### YOUR TASK
The response should contain all of the data below, reproduced exactly, and no pictures.

### AVAILABLE DATA
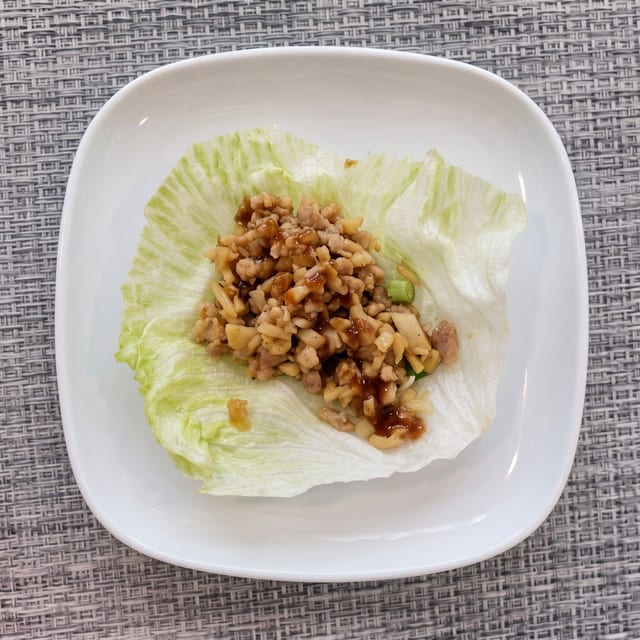 Minced Chicken Lettuce Wrap / 雞崧.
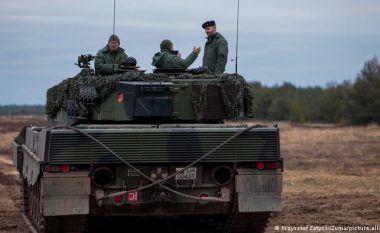 “Nuk kemi kohë”, DW: Leopard për fillestarët – kursi i ushtarëve ukrainas në tanket gjermane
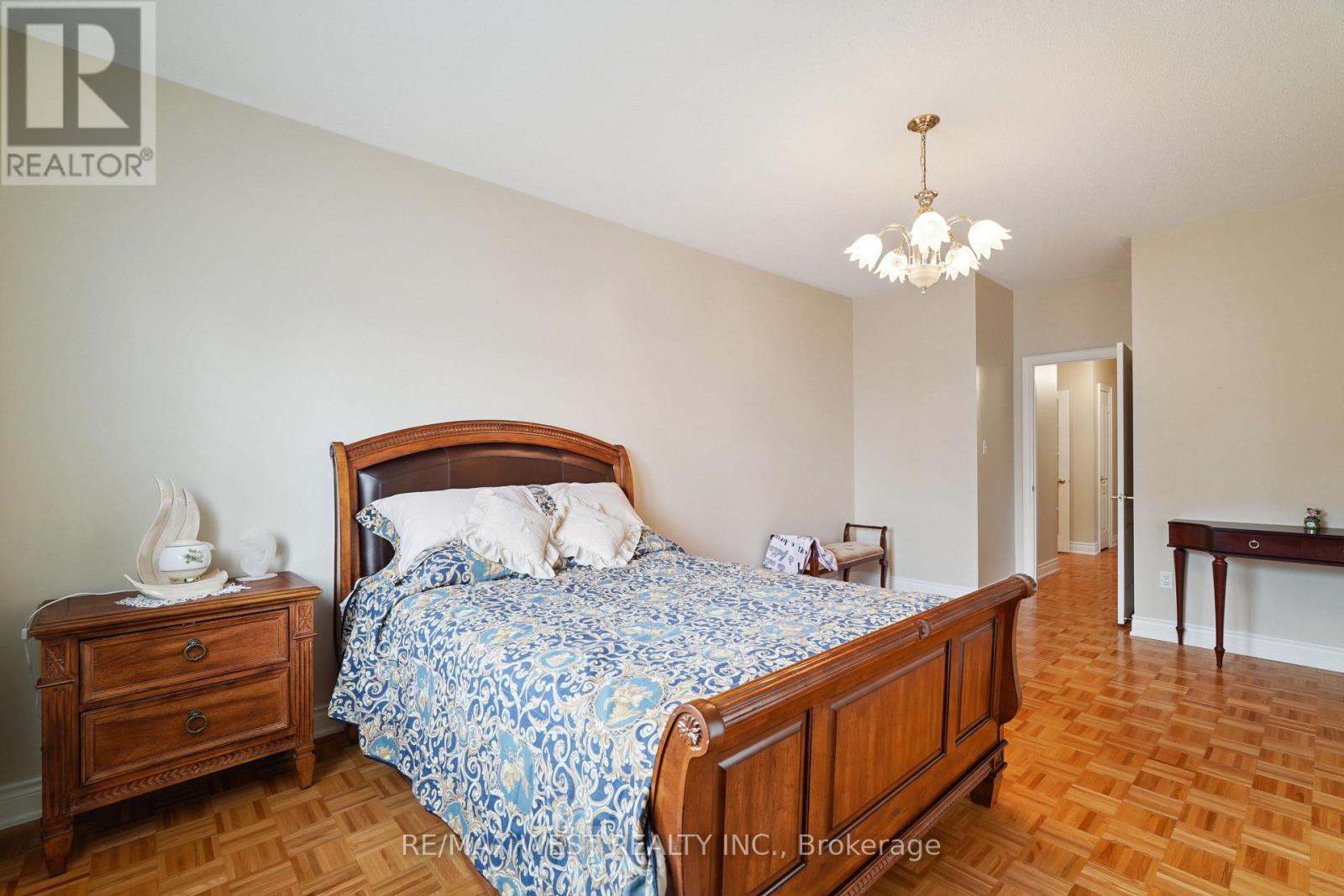 Photo 8 of 133 Cupola Crescent, Vaughan ON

### TASK SOLUTION
 Minced Chicken Lettuce Wrap / 雞崧.
 “Nuk kemi kohë”, DW: Leopard për fillestarët – kursi i ushtarëve ukrainas në tanket gjermane
 Photo 8 of 133 Cupola Crescent, Vaughan ON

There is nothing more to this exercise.